ルイサは横に畳んであったもこもこの服に手を突っ込み、一冊の青い本を取り出す。

「つまり…?うわああっ!」

本を受け取った瞬間、脳に情報が流れ込む。

幾つかの魔法。

「魔法の押し付け。それこそこのハンマーの真髄や。威力が低かったり、本来付与できない魔法を無理やり内側に打ち込めるで。」

「あぁ、この本前にポーションについて書いてたのと同種のやつか。持っただけで情報が入ってくる…。」

「せや、うちはノートとして使ってて、こんなこともあろうかと生活魔法を幾つか書いといたんや。スキルとして修得しとらんけん威力も無いやろうけど、打ち込んだら関係無しや!」

へぇ…。


例えば【調合】…【保存】…【鍛錬】…【精錬】…【硬化】…【軟化】…【液状化】!?

生活…魔法?

ま、まあ、加工に便利なのをルイサがピックアップしてたらこうなるのか。いやでも液状化て。


まぁ、ものは試しだ。

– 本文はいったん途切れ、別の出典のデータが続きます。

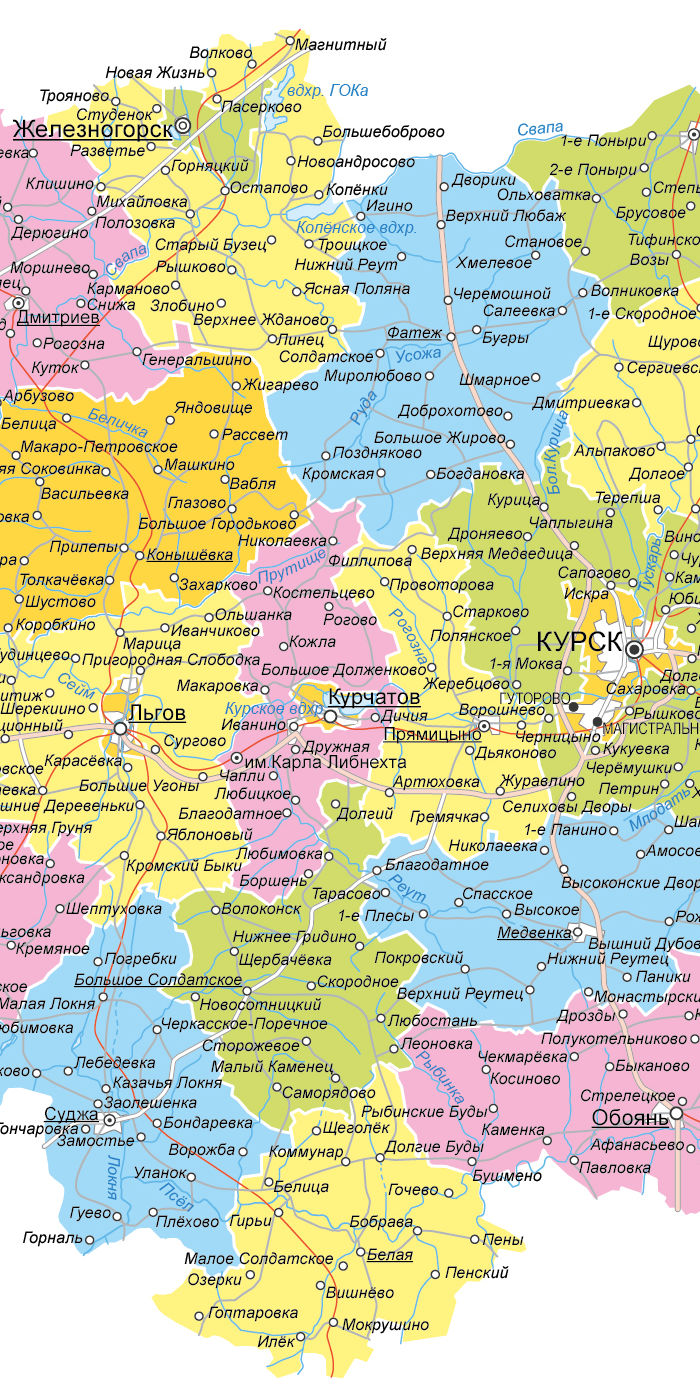 Векторные карты Курской области для скачивания и печати AI SVG EPS PDF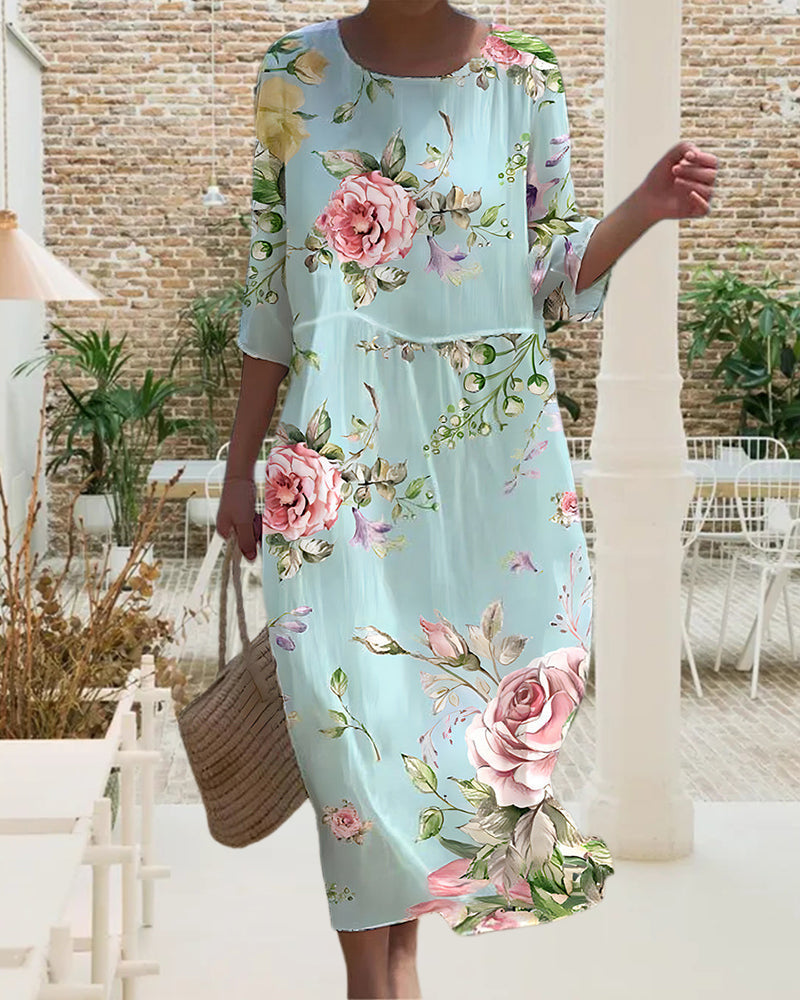 Dames Bloemenjurk Elegant Comfort Ademend Tijdloos – Clarisse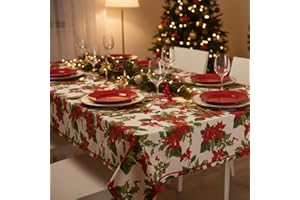 TECNOCUCI Tovaglia Natalizia Rettangolare 12 Posti, 100% Cotone, Realizzata in Italia, Fantasia con Stella di Natale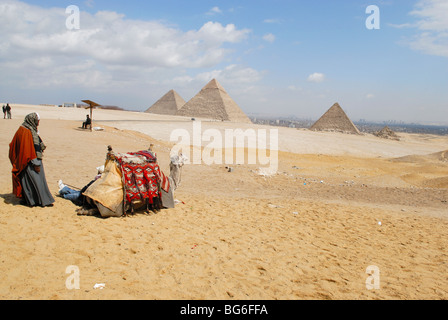 Blick auf die Pyramiden von Gizeh, Ägypten Stockfoto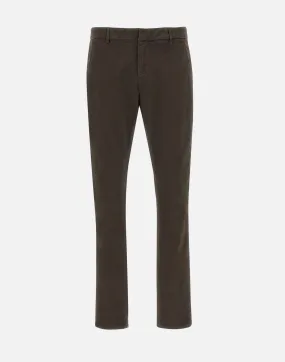 Gaubert Stretch Cotton Trousers in Chocolate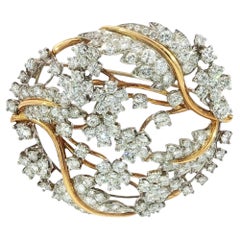 Oscar Heyman Diamond Pendant Brooch 18K Yellow Gold Platinum ~12ctw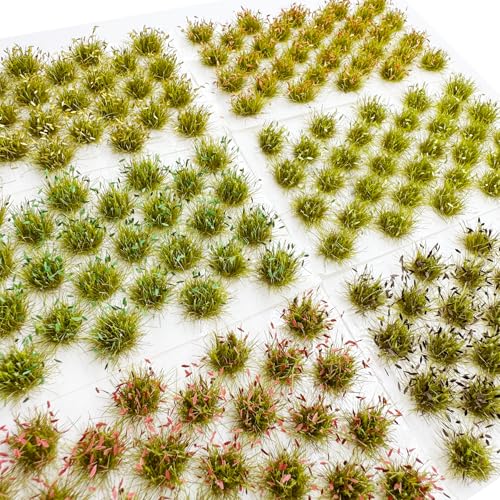 Cayway Miniature Grass Cluster, Static Grass Tuft Model Vegetation Groups for DIY Model Train Landscape Railroad Scenery Grass Tufts Flower (Withered Green and Red) - color: Withered Green and Red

ってことでとにかく何かやってみることにする。

だって私ら1から戦車作ったんだよ?試行錯誤を繰り返せば魚雷くらい作れるに決まってる!


そのまましばらく時間が過ぎた。


「そういえばサリア…アンタはなんでここ気づいたん?まあアンタは意地でも来ると思っとったから」

「えっと、何か青っぽいというか松明のと違う光が見えてさ。"るいさのぱんや"でみたのと同じ色。」

「錬成炉やな。青い炎で鉄を溶かしたり魔石を加工したりパンを焼いたり…とにかく物作りには欠かせない魔道具や。この要塞のはなかなかいい性能しとるけん、ポテンシャルはあると思うんやが…。」

「やが?」

嫌な予感。

「駄目や、調合がどうも上手くいかん。そっちの加工はどうや?」

「駄目。加工用ハンマーの扱いには慣れたけど、どうにも形が歪んじゃう。」

「あぁ…。」

戦車をつくってた時とはまた違う、終わりのまるで見えない感覚。

おいなんだ!!スランプ!?は違うだろうし…。

なにか、なにか衝撃の走るようなアイデアが必要なんだけど…なにか…?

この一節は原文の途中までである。